5:59 LisaK [Programmer]: Good Evening. Welcome to Monday Night Chat with Jim. I’m Lisa, the Office Manager for Midlife Dimensions. I’m blessed to serve the Lord through our Chat Room Ministry which has helped so many people through their spouse’s midlife journey. Jim Conway will be online with us shortly and as he reads your questions, he’ll dictate his answers for me to type and post for you to see. He will answer all questions that come in before the end of the hour. If you would like to show your appreciation to Jim, you can make a tax-deductible contribution to Jim’s ministry via PayPal at www.Midlife.com. Funds support the Chat Room and Website upkeep. Thank you.
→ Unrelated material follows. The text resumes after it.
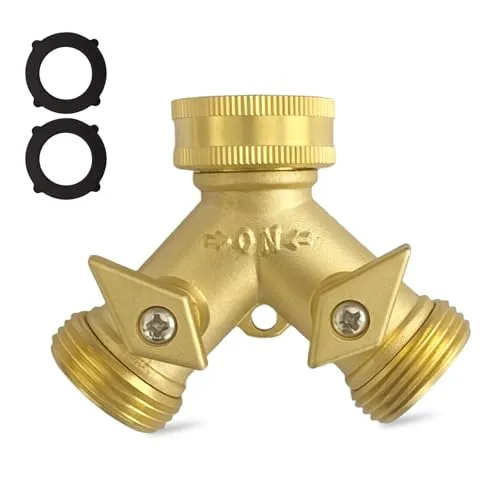 2-Wege Verteiler Wasser 3/4 Zoll, Wasseranschluss Verteiler Wasserhahn Verteilers Messing Y-verteiler 2 Wege Wasserverteiler für Waschmaschine Geschirrspüler Gartenschlauch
6:01 Bluesky1: Hi hepsy, Lisa and Jim, how is everyone?

6:02 hepsy: Hi Dr. Jim - my h comes home every nite drinking - makes communication even more impossible. Sometimes I feel so hopeless like nothing will ever get better. He is so changed...

6:03 hepsy: bluesky1 - kind of depressed. spent a lovely weekend with my daughter. I didn't want to come back home.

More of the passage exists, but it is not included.